③「合格するための」シリーズの「文法」「語彙」「日本語の歴史」  これらも各テキストに他の参考資料からの内容を補記して、見直しは各1冊とする。

④「やさしい日本語」シリーズの「音韻・音声」に補記していく。「合格」シリーズの「国際音声記号表」の部分の拡大コピーは常に必携。
⑤「用語」は「合格水準」(凡人社)のと、「新はじめての日本語教育基本用語事典」(アスク出版)と、どちらも一長一短ですが、どちらかに不足・追加内容等を書き込んで1冊で内容を網羅出来るようにする。

⑥「過去問題集」は、1年目は3年分をやるのが精一杯。2年目は5年分やってみましたが、類似内容の問題傾向が分かるのと、解答時間のペース配分を知るのに役に立ちました。

2.どう勉強するか
養成講座終了後、地域でのボランティア日本語教室のお手伝いをしてきましたが、「教育する」現場から分かる部分のポイントは体得出来たと思います。2年目は実際の教室の授業の教案作り中心で、あまり受験勉強と言うほどのこともしませんでしたが、学習者にとって必要な文法項目(試験Ⅰ)、発音上の問題点(Ⅱ)、表現上の用法の誤り(Ⅱ)、種々の教室活動(Ⅲ)等、教育現場と直結した部分は、試験においても自然と分かったように思います。(特別には問題集での練習をしなかった「記述問題」も、試験の時に質問と解答の要点は割合と簡単に把握出来たと思います。)
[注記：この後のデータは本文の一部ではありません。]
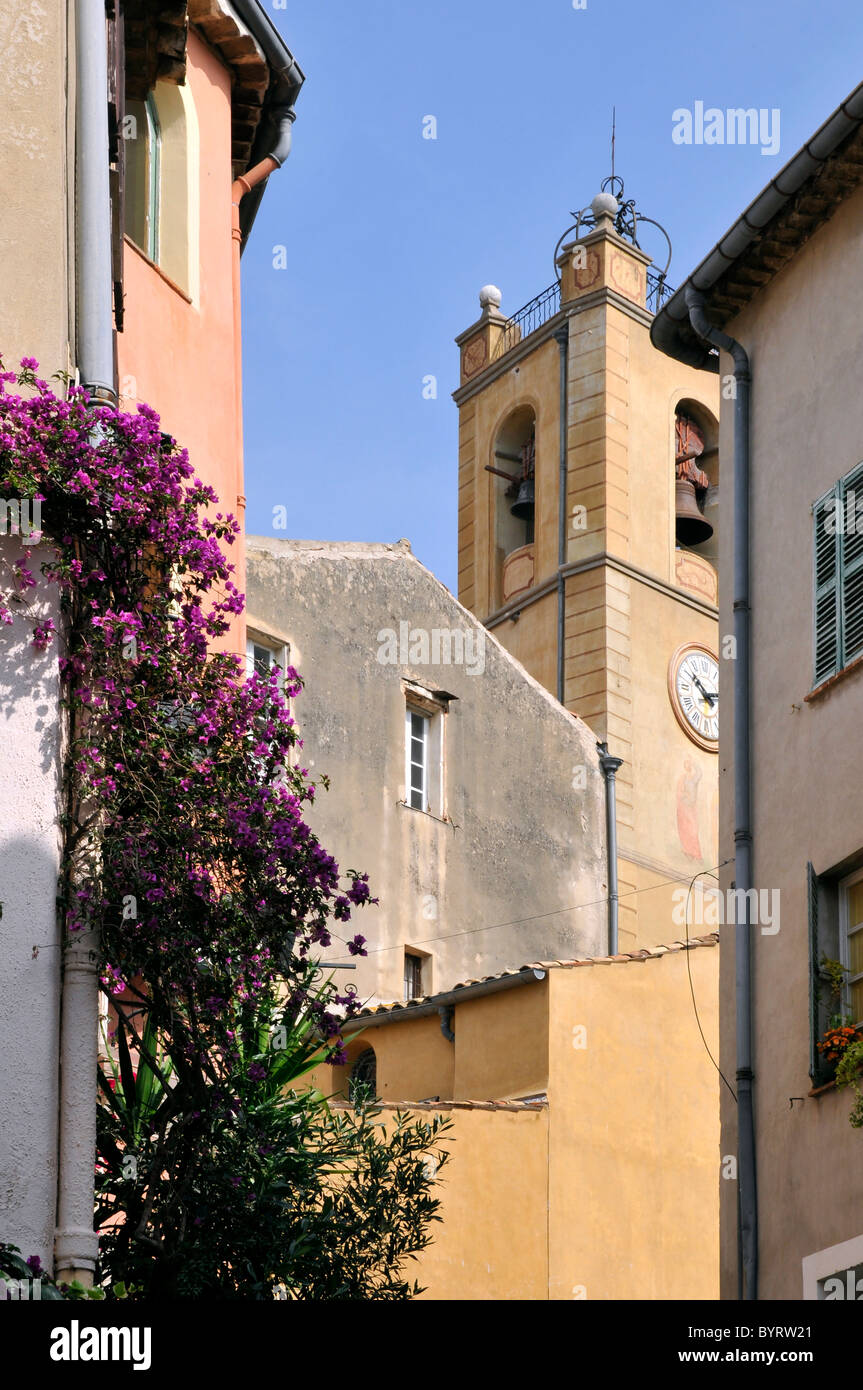 Straße und Kirche von Cagnes Sur Mer im Südosten Frankreichs, Departement Alpes-Maritimes Stockfoto
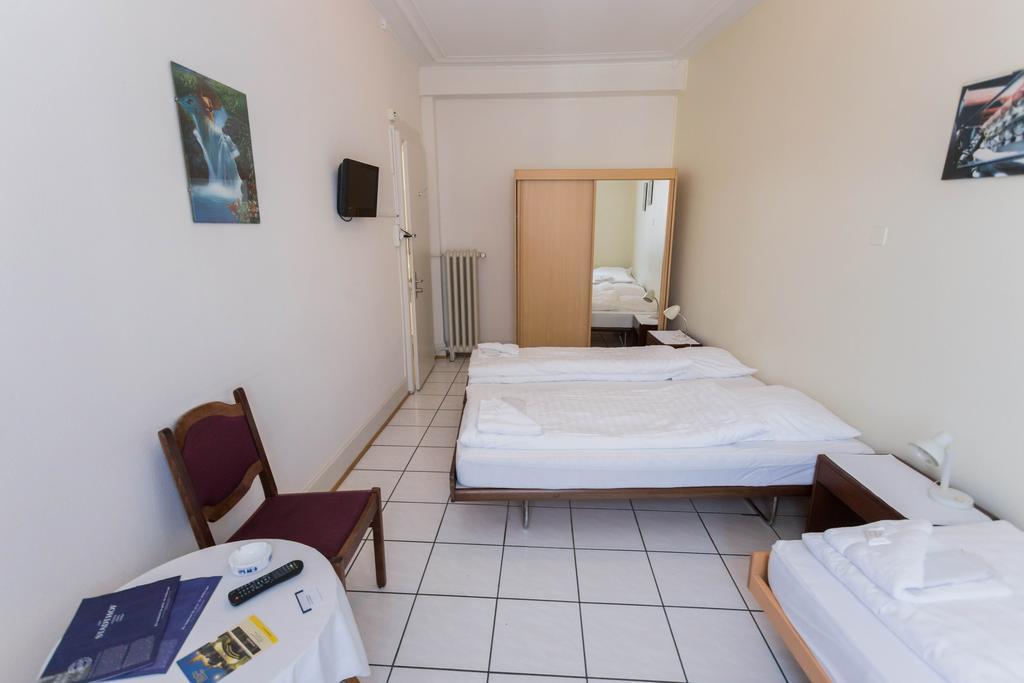 Stadthof Budget Hotel Basel City Center Buitenkant foto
最後にまとめると、①知識を詰め込む問題は割り切ってポイントを押さえて覚える、②発音、教室活動は現場ですぐに有用だから真剣に覚える、③2011年の試験問題の傾向は変わるでしょうが、「留学生30万人計画」「グローバル30」「常用漢字改定に伴うPCの外字問題」等の新聞切り抜きをしておくとか、常に日本語教育関係の時事問題に関心を持って予備知識の準備をしておくと出題者の問題予測をし易いと思います。

皆様のご健闘を心からお祈り致します。